To był ciężki nokaut

Artur Szpilka przegrał przez nokaut w dziewiątej rundzie z broniącym tytułu Amerykaninem Deontayem Wilderem walkę o bokserskie mistrzostwo świata federacji WBC w wadze ciężkiej. Pojedynek odbył się w Nowym Jorku.

Pomimo ambitnej postawy od pierwszego gongu Szpilka nie zdołał – jako pierwszy Polak w historii (wcześniej ta sztuka nie udała się m. in. Andrzejowi Gołocie) – wywalczyć pasa czempiona królewskiej kategorii. W dziewiątym starciu Wilder minimalnie wyprzedził pretendenta, trafił potężnym krótkim prawym sierpowym w szczękę, a Szpilka upadł na ring niczym rażony prądem i długo leżał bez ruchu. To był ciężki nokaut.

Pochodzący z Wieliczki, a mieszkający od prawie roku w Stanach Zjednoczonych Szpilka, mimo porażki, pokazał się z dobrej strony w konfrontacji z Wilderem, który z wcześniejszych 35 walk, aż 34 wygrał przed czasem, najczęściej w początkowych rundach. Polski pięściarz konsekwentnie realizował plan taktyczny, był bardzo ruchliwy, aktywny, dużo balansował tułowiem, często próbował przechodzić do ofensywy, zaś mistrz świata długo nie mógł znaleźć na niego sposobu. „Był trudniejszy do trafienia, niż sądziłem” – powiedział już po walce Wilder, legitymujący się obecnie rekordem 36-0 (Szpilka 20-2).
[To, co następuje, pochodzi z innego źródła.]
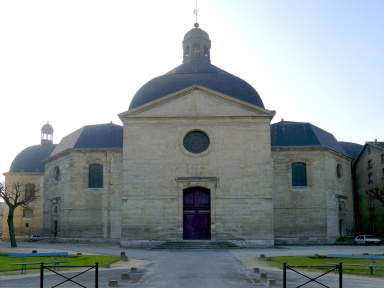 Coronavirus à Paris : vers un tri des patients dans les hôpitaux ? Un médecin sonne l'alerte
Polski bokser przejdzie operację lewej ręki. Jak dodał, urazu doznał podczas jednego ze sparingów, co znacząco utrudniło mu przygotowania do starcia z Wilderem. Lekarz przez tą walką podał mu tylko leki, ale nie zastosował blokady ani żadnego rodzaju znieczulenia.

Amerykańskie media, przypominając druzgoczący cios Wildera podkreślają, że do tego czasu pojedynek był wyrównany. Postawę polskiego boksera docenili też kibice. Jak podkreślają dziennikarze, rezultat pojedynku w Nowym Jorku niemal do końca nie był pewny.